[Scraped caption text data]
☆ ☆ ☆ ☆ ☆

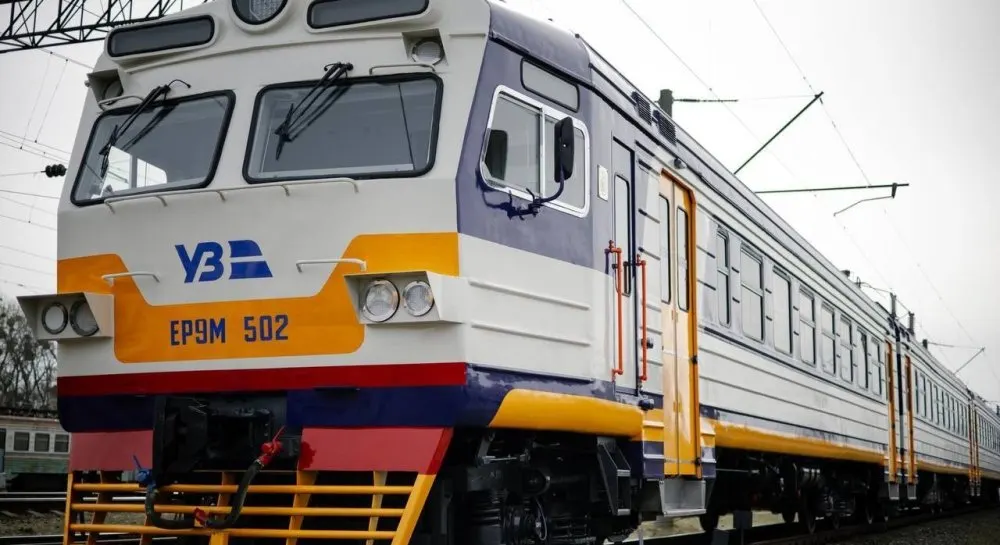«Укрзалізниця» попередила про зміни в русі приміських поїздів у шести областях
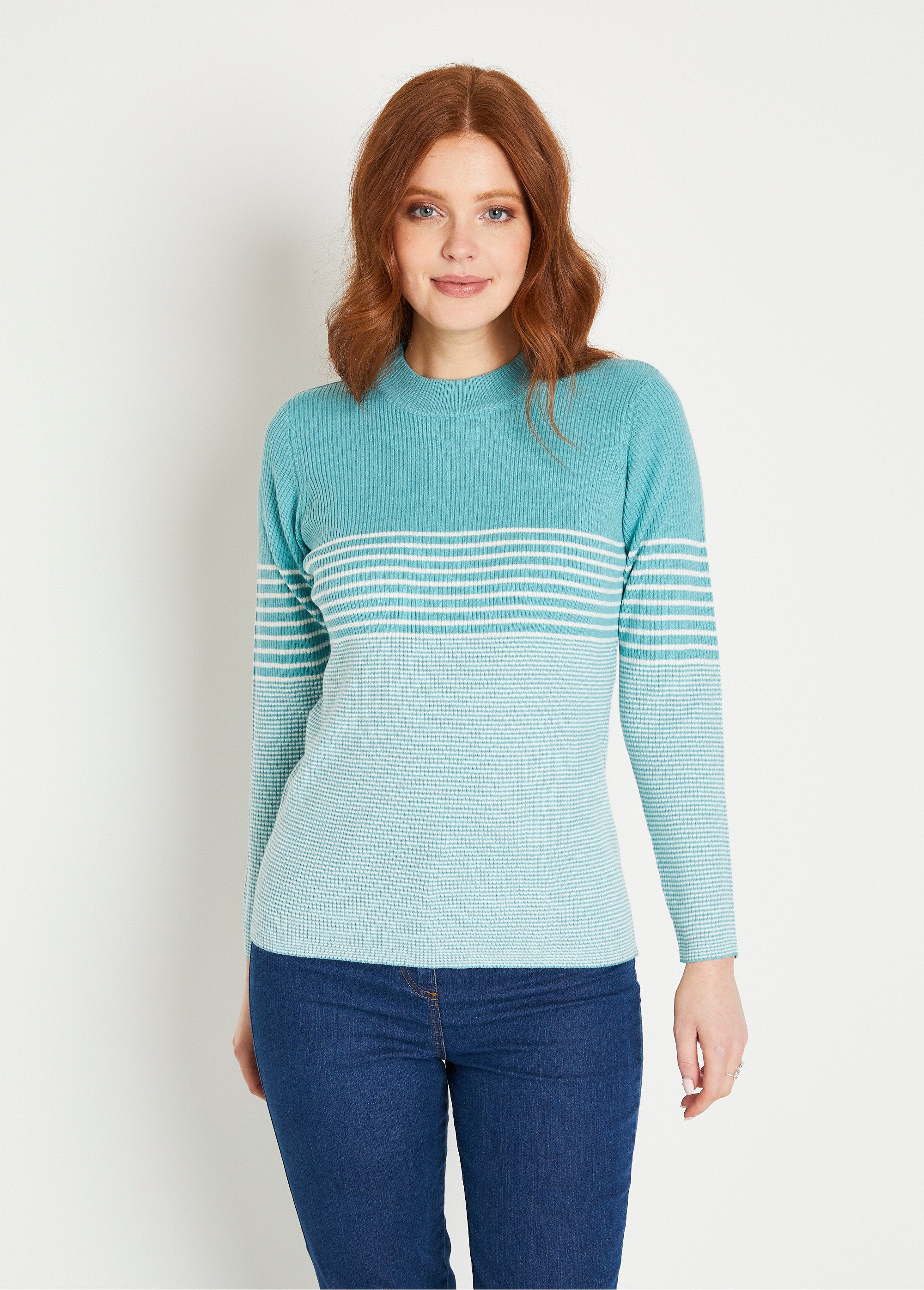 Pull_court_col_montant_maille_côtelée_Aqua_et_ecru_FA1_slim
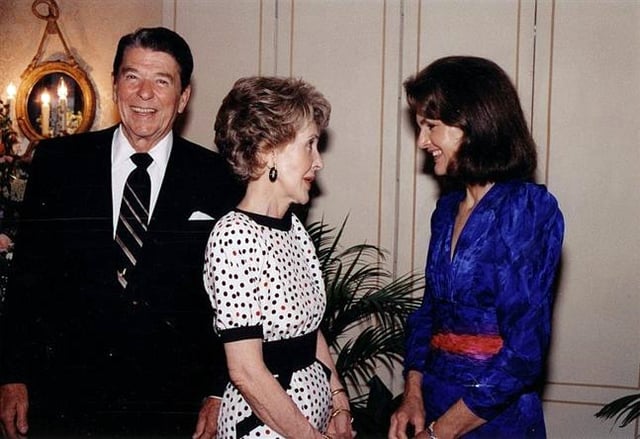 Onassis in 1985 with the President and First Lady, Ronald and Nancy Reagan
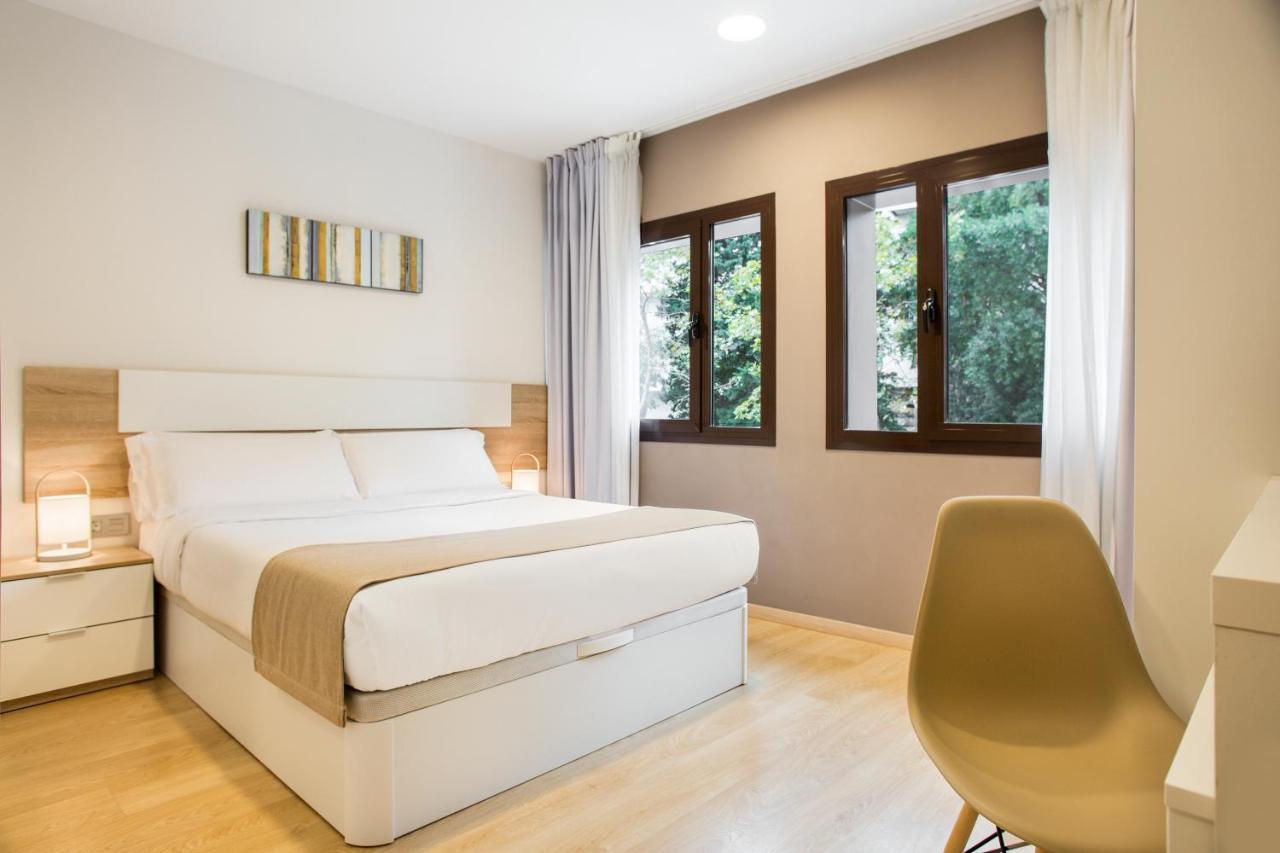 Ginosi Pedralbes Hotel Barcelona Kültér fotó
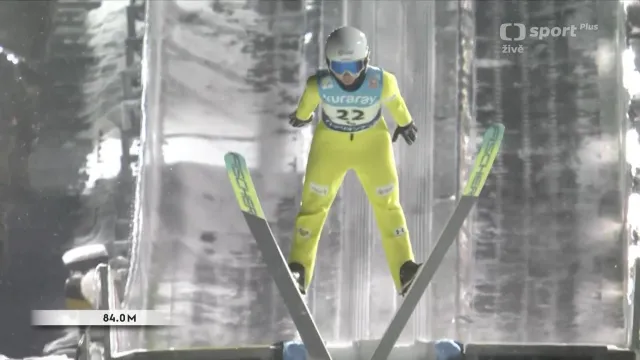 Skok Kláry Ulrichové v 2. kole SP v Japonsku na středním můstku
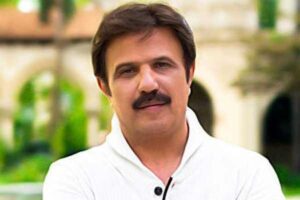 تصویر بیژن مرتضوی در بیمارستان بعد از بهبودی نسبی از کرونا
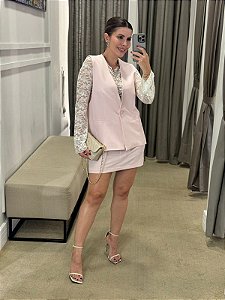 CONJUNTO ALFAIATARIA COLETE E MINI SAIA ROSA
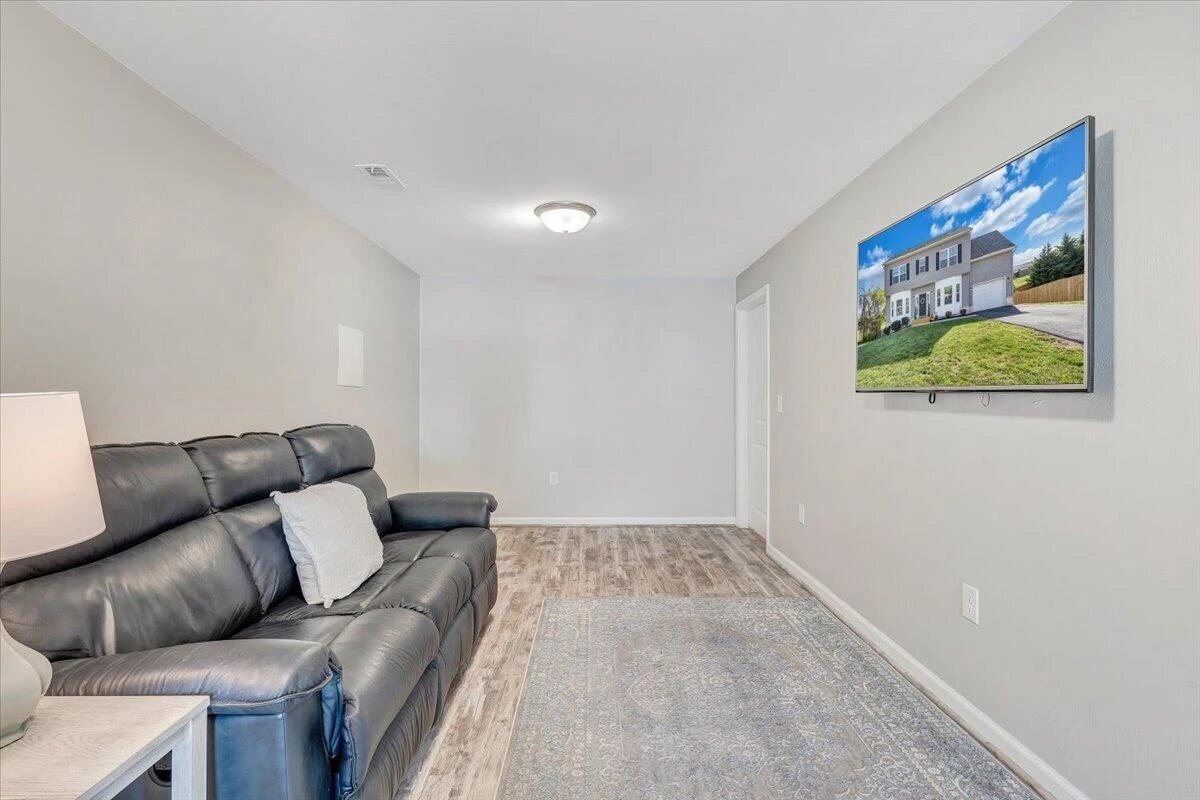 424 Cambridge Court RD - Photo 29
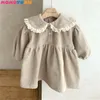 Abiti da bambina Abito da bambina Primavera Autunno Edizione coreana Solido risvolto in pizzo Manica lunga Bambini Retro Casual Allentato 231208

☆ ☆ ☆ ☆ ☆

- **WORK ORDER**
Return all records verbatim and drop the pictures.

- **RESPONSE BELOW**
«Укрзалізниця» попередила про зміни в русі приміських поїздів у шести областях
 Pull_court_col_montant_maille_côtelée_Aqua_et_ecru_FA1_slim
 Onassis in 1985 with the President and First Lady, Ronald and Nancy Reagan
 Ginosi Pedralbes Hotel Barcelona Kültér fotó
 Skok Kláry Ulrichové v 2. kole SP v Japonsku na středním můstku
 تصویر بیژن مرتضوی در بیمارستان بعد از بهبودی نسبی از کرونا
 CONJUNTO ALFAIATARIA COLETE E MINI SAIA ROSA
 424 Cambridge Court RD - Photo 29
 Abiti da bambina Abito da bambina Primavera Autunno Edizione coreana Solido risvolto in pizzo Manica lunga Bambini Retro Casual Allentato 231208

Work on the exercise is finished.